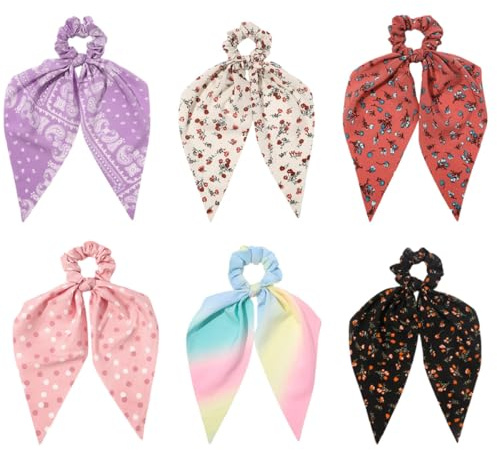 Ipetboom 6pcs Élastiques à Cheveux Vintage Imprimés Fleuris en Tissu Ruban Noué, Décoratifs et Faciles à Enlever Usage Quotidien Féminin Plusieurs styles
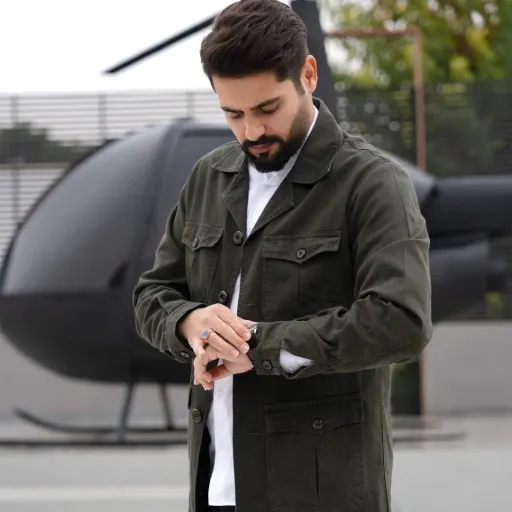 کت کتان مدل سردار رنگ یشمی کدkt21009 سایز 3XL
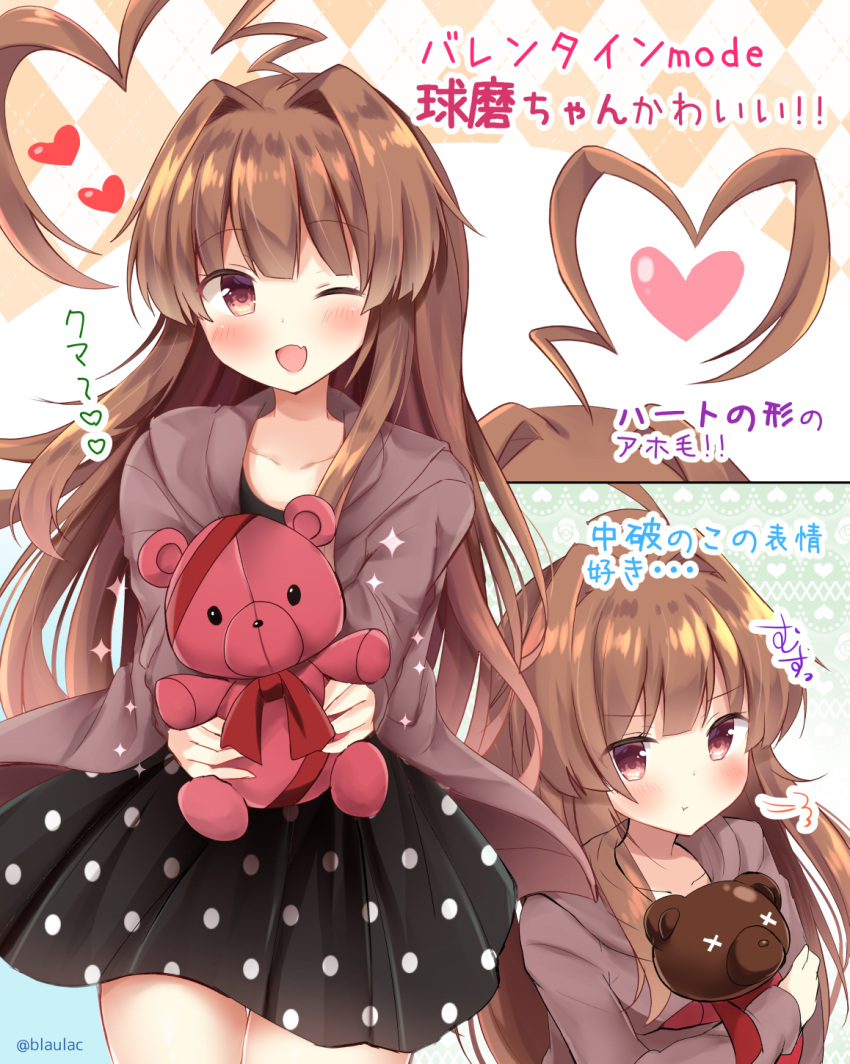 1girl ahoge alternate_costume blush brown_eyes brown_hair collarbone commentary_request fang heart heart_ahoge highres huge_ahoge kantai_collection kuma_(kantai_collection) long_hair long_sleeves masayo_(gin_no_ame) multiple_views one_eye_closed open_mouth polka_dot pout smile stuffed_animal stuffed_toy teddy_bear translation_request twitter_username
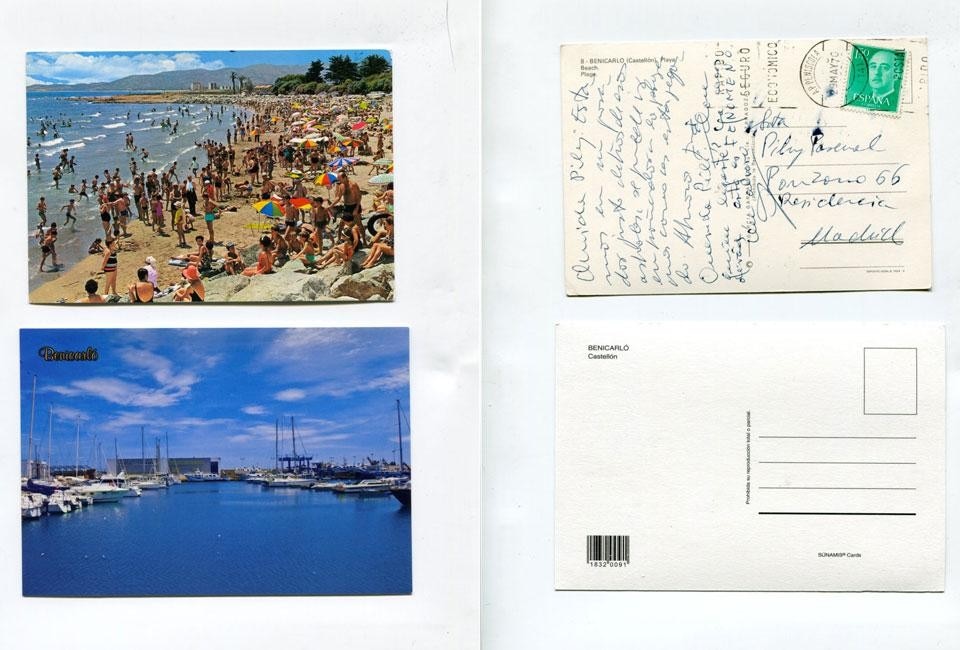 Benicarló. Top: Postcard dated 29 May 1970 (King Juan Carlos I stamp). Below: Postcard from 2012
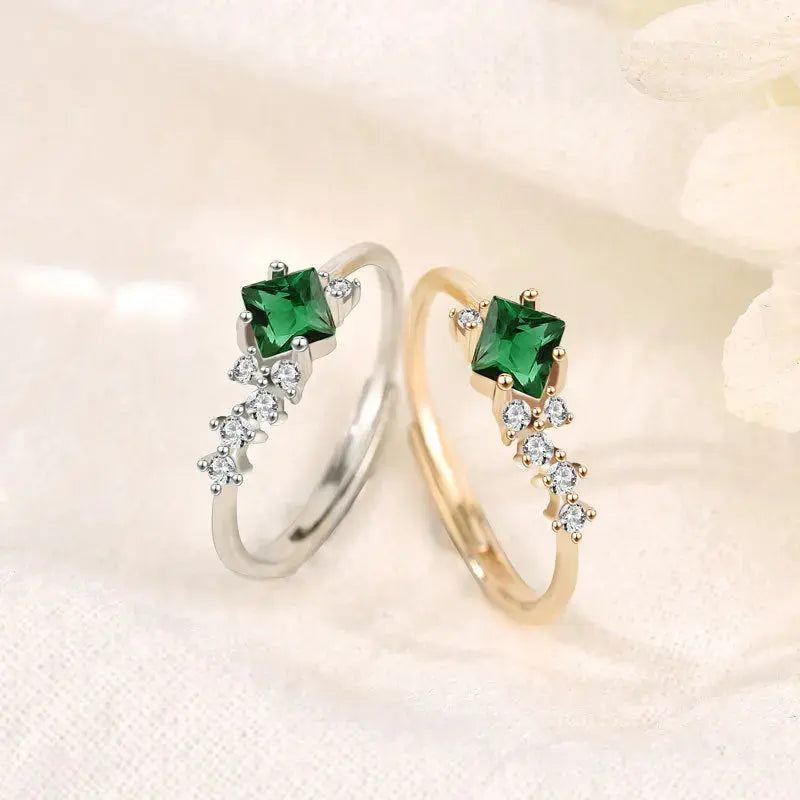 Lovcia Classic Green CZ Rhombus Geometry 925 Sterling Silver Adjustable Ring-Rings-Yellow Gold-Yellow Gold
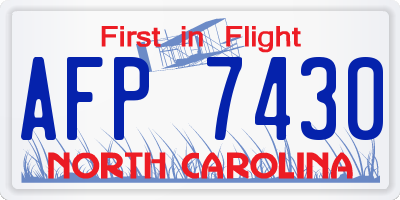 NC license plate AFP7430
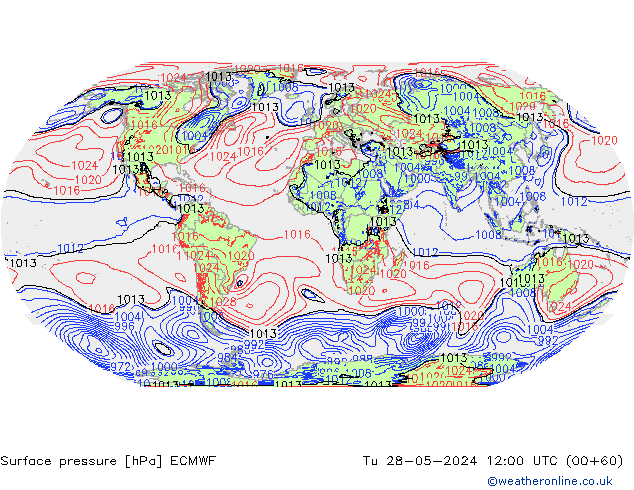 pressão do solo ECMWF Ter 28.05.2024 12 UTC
* * *
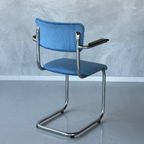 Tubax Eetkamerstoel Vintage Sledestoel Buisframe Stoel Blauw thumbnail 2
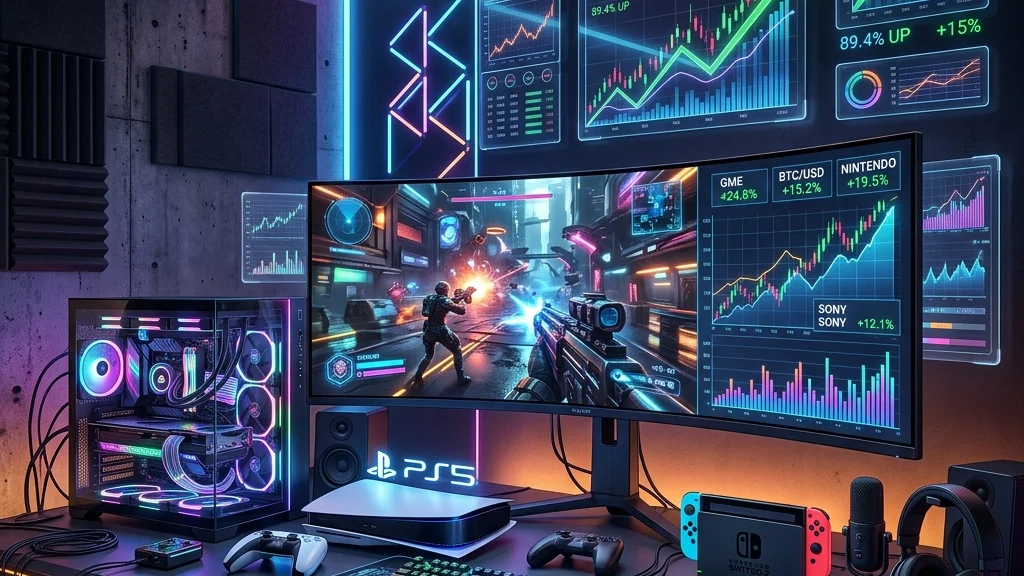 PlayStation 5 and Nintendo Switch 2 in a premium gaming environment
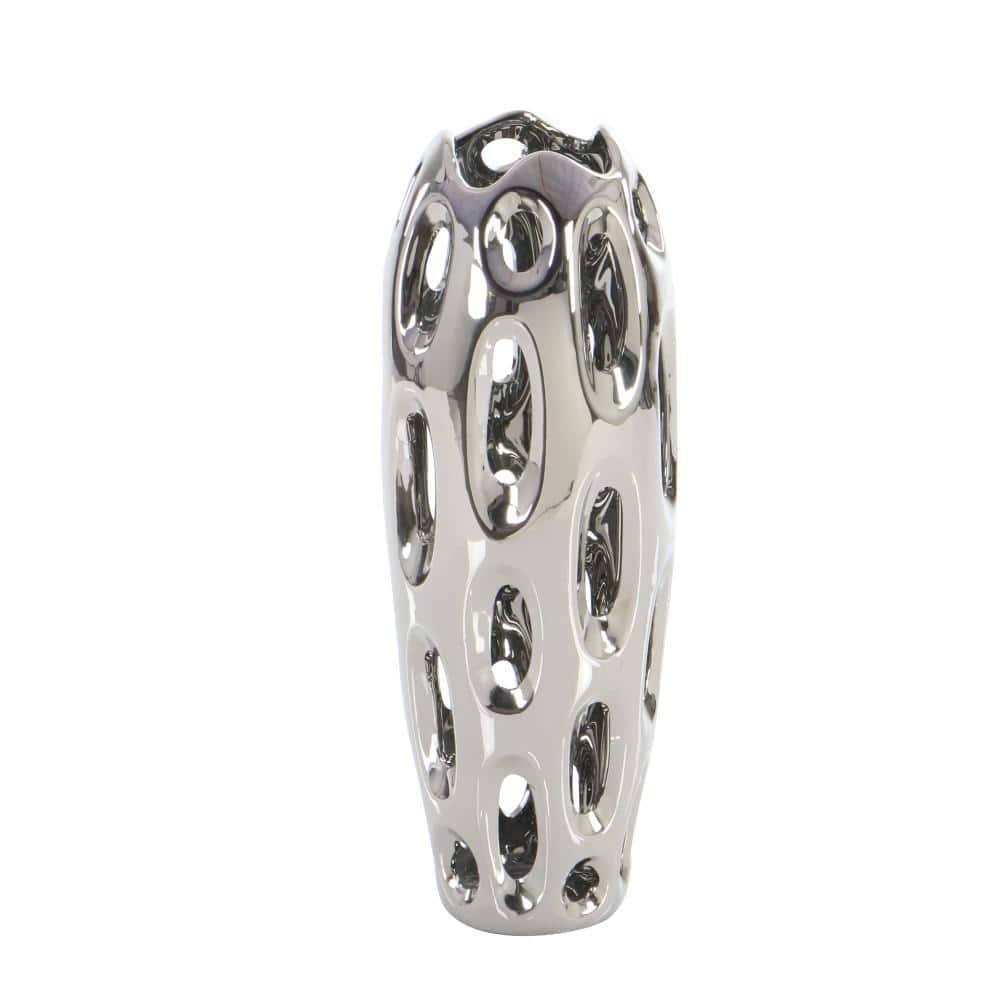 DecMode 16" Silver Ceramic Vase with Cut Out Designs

● ACTION ITEM: Transcribe, word for word, the lines of the listing above from the one that contains "1girl ahoge alternate_costume" through the one that contains "NC license plate AFP7430", keeping both ends and dropping the pictures.

● WRITTEN REPLY:
 1girl ahoge alternate_costume blush brown_eyes brown_hair collarbone commentary_request fang heart heart_ahoge highres huge_ahoge kantai_collection kuma_(kantai_collection) long_hair long_sleeves masayo_(gin_no_ame) multiple_views one_eye_closed open_mouth polka_dot pout smile stuffed_animal stuffed_toy teddy_bear translation_request twitter_username
 Benicarló. Top: Postcard dated 29 May 1970 (King Juan Carlos I stamp). Below: Postcard from 2012
 Lovcia Classic Green CZ Rhombus Geometry 925 Sterling Silver Adjustable Ring-Rings-Yellow Gold-Yellow Gold
 NC license plate AFP7430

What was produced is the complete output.